## Action item
Omit the pictures, and output the rest of the entries exactly as written.
Content starts
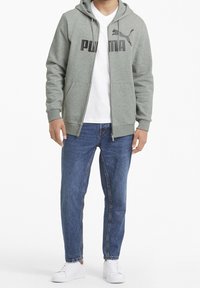 Felpa grigia con zip e logo nero, abbinata a una t-shirt bianca a scollo a V e jeans in denim blu. Sneakers bianche completano l'outfit.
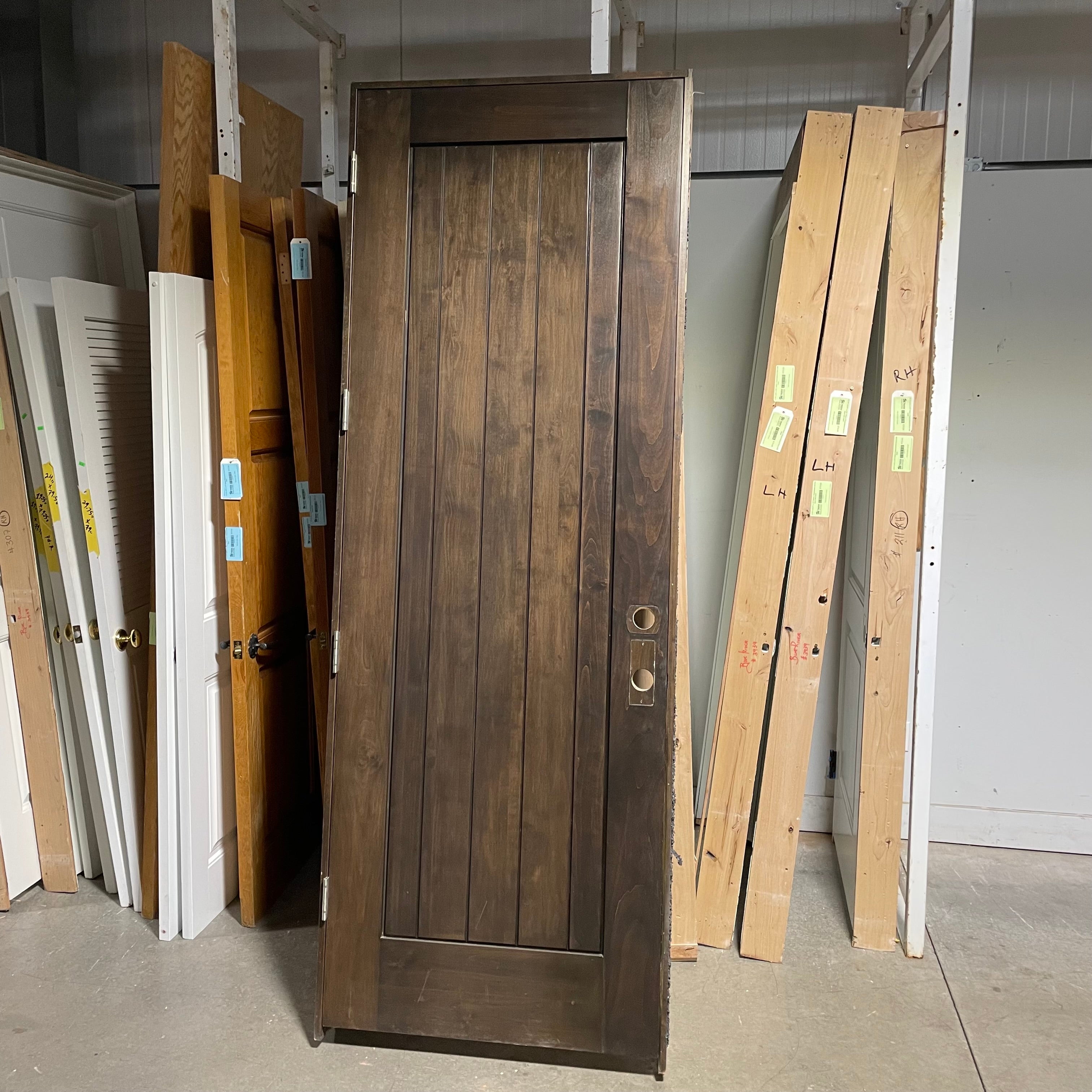 34"x 96"x 1.75" Rough Opening is 35.5"x 98.25"x 6.75" Brown Vertical Lined Walnut Interior Door with Jamb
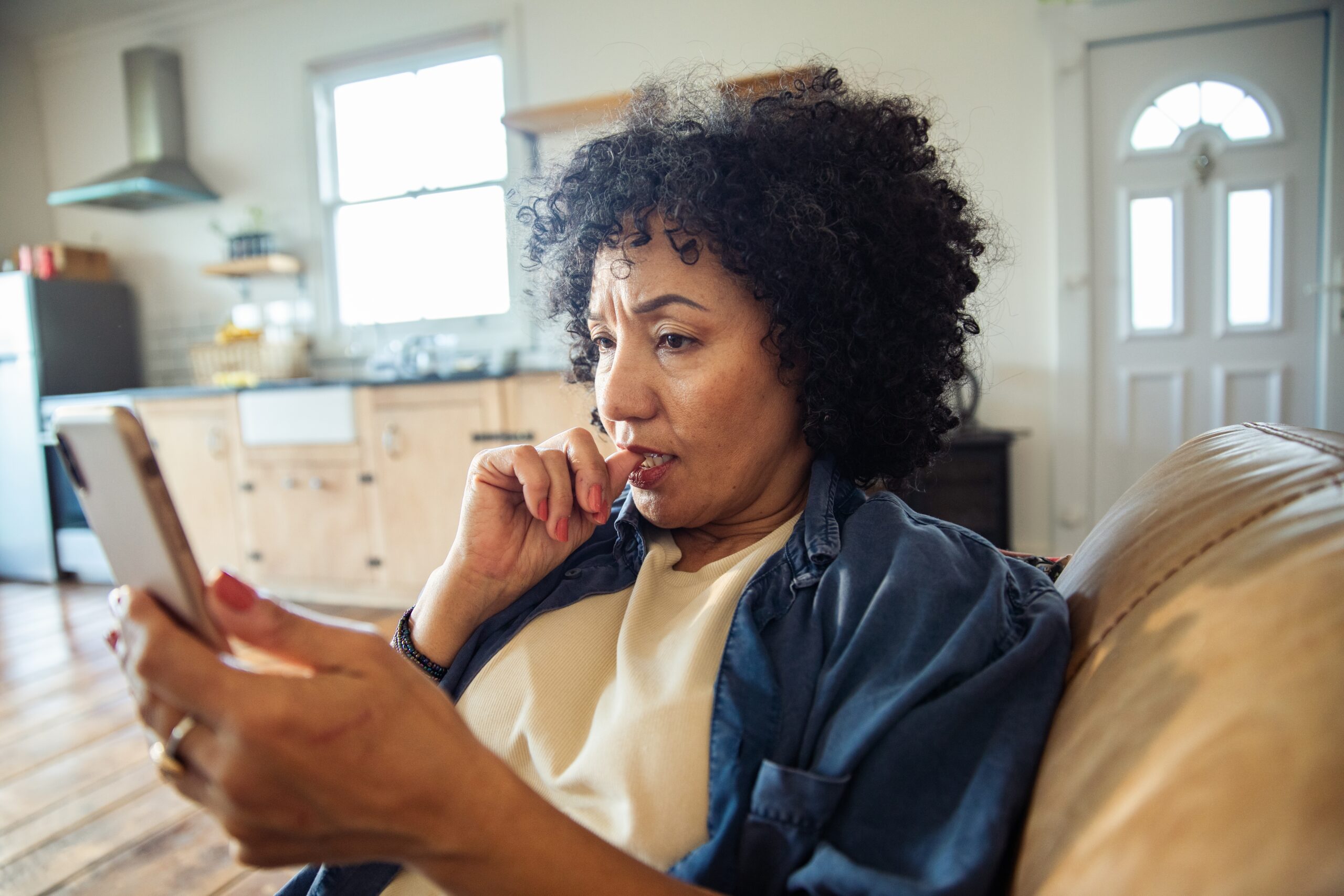 A middle aged woman texting on her phone at home.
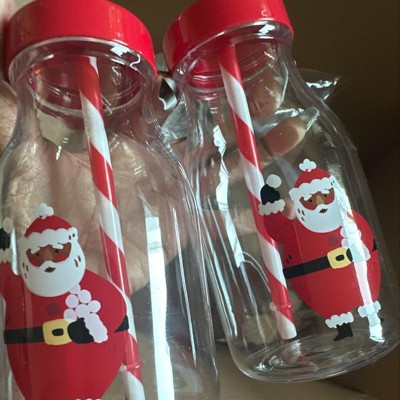 Christmas Milk For Santa In Bottle With Straw And Peppermint Candy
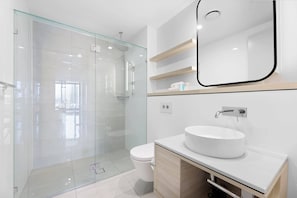 A modern bathroom with a glass shower enclosure, a white sink, and a mirror with a wooden shelf above. - Luxe Oceanfront 1-Bed High Rise with Pool & Gym (Surfers Paradise)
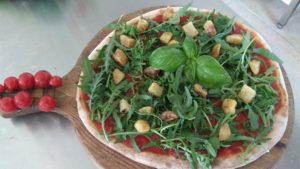 Pizza with anchovies, rocket and potatoes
Content ends
## Output below
 Felpa grigia con zip e logo nero, abbinata a una t-shirt bianca a scollo a V e jeans in denim blu. Sneakers bianche completano l'outfit.
 34"x 96"x 1.75" Rough Opening is 35.5"x 98.25"x 6.75" Brown Vertical Lined Walnut Interior Door with Jamb
 A middle aged woman texting on her phone at home.
 Christmas Milk For Santa In Bottle With Straw And Peppermint Candy
 A modern bathroom with a glass shower enclosure, a white sink, and a mirror with a wooden shelf above. - Luxe Oceanfront 1-Bed High Rise with Pool & Gym (Surfers Paradise)
 Pizza with anchovies, rocket and potatoes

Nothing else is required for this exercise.